Ketiga macam fungsi (fungsi pertukaran, fungsi penyediaan, fungsi penunjang) yang dikemukakan, dalam pelaksanaannya perlu memperoleh dukungan berupa penyediaan informasi yang diperlukan. Dengan sendirinya, informasi yang dibutuhkan akan berbeda - beda sesuai dengan jenis barang dan macam serta sifat – sifat saluran distribusinya. Tidak setiap lembaga saluran menjalankan fungsi pemasaran yang sama karena mereka mempunyai peranan yang berlainan. Dari lembaga – lembaga saluran yang ada terdapat dua macam lembaga yang melakukan fungsi sama, yaknik produsen dan pedagang besar. Di sini produsen tidak hanya sekedar memproduksi barang saja, tetapi juga melakukan kegiatan – kegiatan penyaluran.
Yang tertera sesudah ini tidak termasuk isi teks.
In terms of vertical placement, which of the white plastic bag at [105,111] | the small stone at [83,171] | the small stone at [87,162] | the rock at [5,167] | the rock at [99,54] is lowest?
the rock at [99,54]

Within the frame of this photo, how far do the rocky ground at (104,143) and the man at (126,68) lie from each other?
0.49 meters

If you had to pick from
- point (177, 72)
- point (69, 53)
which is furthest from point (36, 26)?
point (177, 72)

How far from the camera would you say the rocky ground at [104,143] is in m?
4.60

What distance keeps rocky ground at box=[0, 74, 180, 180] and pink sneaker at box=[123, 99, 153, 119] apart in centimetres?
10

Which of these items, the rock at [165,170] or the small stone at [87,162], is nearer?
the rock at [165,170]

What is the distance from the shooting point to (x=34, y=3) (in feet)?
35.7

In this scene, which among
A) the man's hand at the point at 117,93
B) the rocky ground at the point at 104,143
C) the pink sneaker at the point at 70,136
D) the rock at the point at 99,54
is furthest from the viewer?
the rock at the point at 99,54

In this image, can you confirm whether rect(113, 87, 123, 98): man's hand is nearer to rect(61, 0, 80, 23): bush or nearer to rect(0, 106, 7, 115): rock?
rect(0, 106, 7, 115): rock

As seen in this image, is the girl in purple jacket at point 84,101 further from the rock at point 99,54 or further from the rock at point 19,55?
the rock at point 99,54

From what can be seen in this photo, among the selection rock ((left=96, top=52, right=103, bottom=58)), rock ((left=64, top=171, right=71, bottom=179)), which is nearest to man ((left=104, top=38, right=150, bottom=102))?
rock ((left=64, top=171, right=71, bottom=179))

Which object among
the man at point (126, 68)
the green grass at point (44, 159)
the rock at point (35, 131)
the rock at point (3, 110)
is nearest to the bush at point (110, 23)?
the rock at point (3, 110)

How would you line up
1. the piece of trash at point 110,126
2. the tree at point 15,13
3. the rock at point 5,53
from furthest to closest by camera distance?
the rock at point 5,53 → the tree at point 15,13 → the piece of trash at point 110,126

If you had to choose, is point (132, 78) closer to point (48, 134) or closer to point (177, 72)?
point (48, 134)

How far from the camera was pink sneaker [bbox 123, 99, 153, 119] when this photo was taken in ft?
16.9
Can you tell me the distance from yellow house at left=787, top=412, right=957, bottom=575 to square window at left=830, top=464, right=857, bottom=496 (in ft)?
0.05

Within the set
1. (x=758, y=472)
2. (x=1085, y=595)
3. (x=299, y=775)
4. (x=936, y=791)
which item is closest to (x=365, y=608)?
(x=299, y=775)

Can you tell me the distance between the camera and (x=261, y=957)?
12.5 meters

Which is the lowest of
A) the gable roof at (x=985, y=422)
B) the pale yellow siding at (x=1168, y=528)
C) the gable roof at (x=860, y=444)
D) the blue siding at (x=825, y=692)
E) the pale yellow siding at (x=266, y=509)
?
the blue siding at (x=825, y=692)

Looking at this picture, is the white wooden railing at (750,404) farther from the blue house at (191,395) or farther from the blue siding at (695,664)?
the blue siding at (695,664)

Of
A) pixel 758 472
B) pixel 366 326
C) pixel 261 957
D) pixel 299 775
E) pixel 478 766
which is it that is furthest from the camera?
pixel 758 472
Demikian pula halnya dengan penyedia (supplier).

F. Distribusi Langsung dan Distribusi Tidak Langsung
Perusahaan memiliki kebebasan untuk memilih sistem distribusi barang yang dihasilkannya. Pemilihan ini tentu saja berdasarkan berbagai pertimbangan, baik menyangkut karakteristik konsumen maupun karakteristik barang itu sendiri. Berdasarkan cara penyampaian barang (siapa yang berhadapan dengan konsumen akhir) maka sistem distribusi dapat dikelompokkan menjadi sistem distribusi langsung dan distribusi tidak langsung.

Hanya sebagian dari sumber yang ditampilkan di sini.